HDU 6018 Game Arrangement

Problem Description

Luras is fond of playing games. Once she gets free, she might try playing games such as dato and cf.

However, if you have read the past problems, you will know that luras is very busy even if she skips many classes.

As a result, she wants to arrange her time for playing more rounds of games during her free time.

It is known that luras has m types of games which she is willing to play, and for each game type, there is a time segment,

luras will only try playing one game type during its limited time segment (and ofc in the class-skipping time).

Besides, you are told of the needed time for each round of every game type.

Be attention, once luras started a game, she needs to finish it without any break during the limited time.

Now please help luras arrange her time in order to play more rounds of games.

Input

The first line is an integer T which indicates the case number.

and as for each case,

the first line are two integer n and m which indicate the number of time segment of skipping the class and the game types luras wants to try.

then there are n lines, for the i-th line, there are 2 integers L[i] and R[i], which mean that luras could skip the class for games at the R[i] - L[i] + 1 time point { L[i], L[i] + 1, ..., R[i] - 1, R[i] }.

then there are m lines, for the i-th line, there are 3 integers l[i], r[i] and d[i], which mean that only during the r[i] - l[i] + 1 time point { l[i], l[i] + 1, ..., r[i] - 1, r[i] }, could luras play the i-th type game.

once luras spends a d[i] continuous time segment during [ l[i], r[i] ], she could finish 1 round of the i-th game.

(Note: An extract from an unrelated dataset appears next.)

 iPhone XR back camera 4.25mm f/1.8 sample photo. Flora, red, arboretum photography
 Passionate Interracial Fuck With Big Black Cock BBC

At last please note luras could only play at most 1 round game at a time point, she is a cut noob : ) .

It is guaranteed that——

1 <= T <= 1000
 

 1 <= L[1] <= R[1] < L[2] <= R[2] < ... < L[n] <= R[n] <= 10^9
 

 1 <= l[] <= r[] <= 10^9
 

 1 <= d[] <= 10^9
 

 for 99% cases，1 <= n, m <= 100
 

 for 100% cases，1 <= n, m <= 10000      

Output

As for each case, you need to output a single line.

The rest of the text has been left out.